図９は、ビット演算プロセッサ１０によって実行される命令の命令フォーマットを示す図である。図９に示すように、命令には２つの形式があるが、いずれも３２ビット固定長である。命令形式１は、５ビットの命令コード（ＯＰ：Operation）、４ビットのビット位置フィールド（ＢＡ：Bit Address）、２３ビットのワードアドレスフィールド（ＷＡ：Word Address）からなり、ビットデータを対象とする。命令形式２は、５ビットの命令コード（ＯＰ）、４ビットのレジスタ指定フィールド（ＲＡ：Register Address）、２３ビットのワードアドレスフィールド（ＷＡ）からなり、ワードデータを対象とする。 FIG. 9 is a diagram illustrating an instruction format of an instruction executed by the bit arithmetic processor 10. As shown in FIG. 9, there are two types of instructions, both of which have a fixed length of 32 bits. The instruction format 1 includes a 5-bit instruction code (OP: Operation), a 4-bit bit position field (BA: Bit Address), and a 23-bit word address field (WA: Word Address), and targets bit data. . The instruction format 2 includes a 5-bit instruction code (OP), a 4-bit register designation field (RA), and a 23-bit word address field (WA), and targets word data.
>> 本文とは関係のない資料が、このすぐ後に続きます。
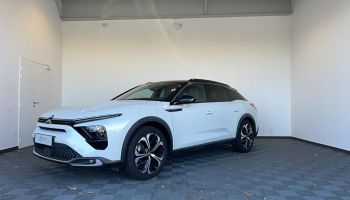 75010 : Hyundai Paris Nord - Goncourt Automobiles - CITROEN C5 X Shine Pack - C5 X - Noir - Boîte automatique - Essence / Courant électrique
次に、図７及び図８に示したラダープログラムを例にとり、図１を参照しつつ、本実施形態に係るビット演算プロセッサ１０の動作を図１１のタイムチャートを使って説明する。図１０は、図７（ｂ）のラダープログラムに対する前記した命令形式１の命令コード列がプログラムメモリ（外部ＲＡＭ６０）に格納された様子を示したものであり、アドレスＡ番地から順に命令コード列が格納されているものとする。 Next, taking the ladder program shown in FIGS. 7 and 8 as an example, the operation of the bit arithmetic processor 10 according to this embodiment will be described using the time chart of FIG. 11 with reference to FIG. FIG. 10 shows a state in which the instruction code string of the above-described instruction format 1 for the ladder program of FIG. 7B is stored in the program memory (external RAM 60). Assume that it is stored.

先ず、１番目のＬＤ命令は、サイクルｔ０から開始され、サイクルｔ５までそのまま実行される。このとき、サイクルｔ０（ＰＣステージ）では、ＬＤ命令のアドレスが計算されて命令アドレスレジスタ１１１にセットされる。サイクルｔ１（ＩＦステージ）では、命令バッファ３０から当該命令がリードされて命令レジスタ１２１にセットされる。サイクルｔ２（Ｄステージ）では、命令がデコードされ、ＬＤ命令であることが認識される。１番目のＬＤ命令では、リードすべきワードアドレスは命令中で直接指定されているので、該当するワードアドレスがデータアドレスレジスタ１３１にセットされる。サイクルｔ３（Ｒステージ）では、データメモリ２０から、対象となるビットデータを含む１ワード分のデータが読み込まれ、ワードバッファ１４１にセットされる。サイクルｔ４（ＥＸステージ）では、対象となる変数Ｘ０のビットが抜き出されてレジスタファイル１５２に含まれるアキュムレータにセットされる。サイクルｔ５（Ｗステージ）では何の動作も行わない（図の網かけ表示部分）。 First, the first LD instruction starts from cycle t0 and is executed as it is until cycle t5. At this time, in cycle t0 (PC stage), the address of the LD instruction is calculated and set in the instruction address register 111. In cycle t 1 (IF stage), the instruction is read from the instruction buffer 30 and set in the instruction register 121. In cycle t2 (D stage), the instruction is decoded and recognized as an LD instruction. In the first LD instruction, since the word address to be read is directly specified in the instruction, the corresponding word address is set in the data address register 131. In cycle t3 (R stage), data for one word including the target bit data is read from the data memory 20 and set in the word buffer 141. In cycle t4 (EX stage), the bit of the target variable X0 is extracted and set in the accumulator included in the register file 152. No operation is performed in cycle t5 (W stage) (shaded display portion in the figure).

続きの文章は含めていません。